Come the end of this week, the Federal government might actually—for real this time—shut down for lack of a budget. Congress is debating a measure today that would fund the Feds for another week, and the Pentagon until Sept. 30, provided that billions are cut from other parts of the federal budget. Even if this happens, military leaders and analysts say that the continuing resolutions (CR) have already done damage to their modernization programs—damage that may be permanent.
“Even at this point if we get a full FY11 appropriations bill,” says Todd Harrison, an analyst with the Center for Strategic and Budgetary Assessments, says, “the DoD will still spend the next half of the fiscal year trying to clean up the mess that’s already been created in terms of not being able to ramp up programs like they had planned.”
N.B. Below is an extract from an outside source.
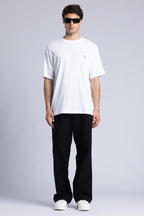 Tricou Palm Minimal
Robert Hale, the DoD comptroller and chief financial officer, told a Senate budget hearing—for the fiscal year 2012 budget—last week that “we are forcing our contracting officers to go to short term contracts to preserve capability, we've got several hundred military construction projects on hold as well as a number of procurement actions,” he reported, adding that “our bases are signing short term contracts, because they don't know what funding they will have in two months.” Those short-term contracts “are just inherently inefficient,” and Pentagon planners will have to try to catch up with projects once they’re given a new yearly budget.
The overall defense budget requested by President Barack Obama for fiscal 2011 was $548 billion, and Defense Secretary Robert Gates has estimated that the Pentagon needs at least $540 billion in order to meet its needs before the fiscal 2012 budget cycle begins.
But the pinch of relying on just-in-time funding is being felt everywhere, even if it’s not always obvious at first blush. The Pentagon’s acquisition chief, Ashton B. Carter, said recently that even well-managed programs have been hit hard, since “they were already on a razor's edge—that's where you want them … you knew exactly what you were doing, exactly when you were going to do it and exactly how you were going to do it.”
Of particular concern are some of the bigger-ticket programs that only produce a few systems. Programs like the Navy’s Virginia-class submarine, which has already secured several extensions on its contract, and the Air Force’s GPS III satellites, are of particular concern. Erin Conaton, undersecretary of the Air Force, told the House Armed Services Committee in March that the service is keeping the GPS III program going by reprogramming $80 million in FY10 funds “to avoid costly programmatic delays and contract renegotiation.”
As far as the two Virginia-class subs that the Navy was scheduled to buy this year, the CSBA’s Harrison says that since the Navy has already secured several extensions on the contract, “they can wait a little longer [but] at some point they’re not going to get any more extensions from their vendor, and that opportunity will be lost this year.”
For many of the weapons systems that have seen their production schedules hit by the budget mess, “we’ll see some permanent schedule slips that can’t be recovered,” Harrison says, “and I think we’ll see some cost inefficiencies that are going to persist as contracts that have been negotiated lapse because we haven’t been able to obligate the money in time. So there are going to be some long-term impacts for having to manage finances this way.”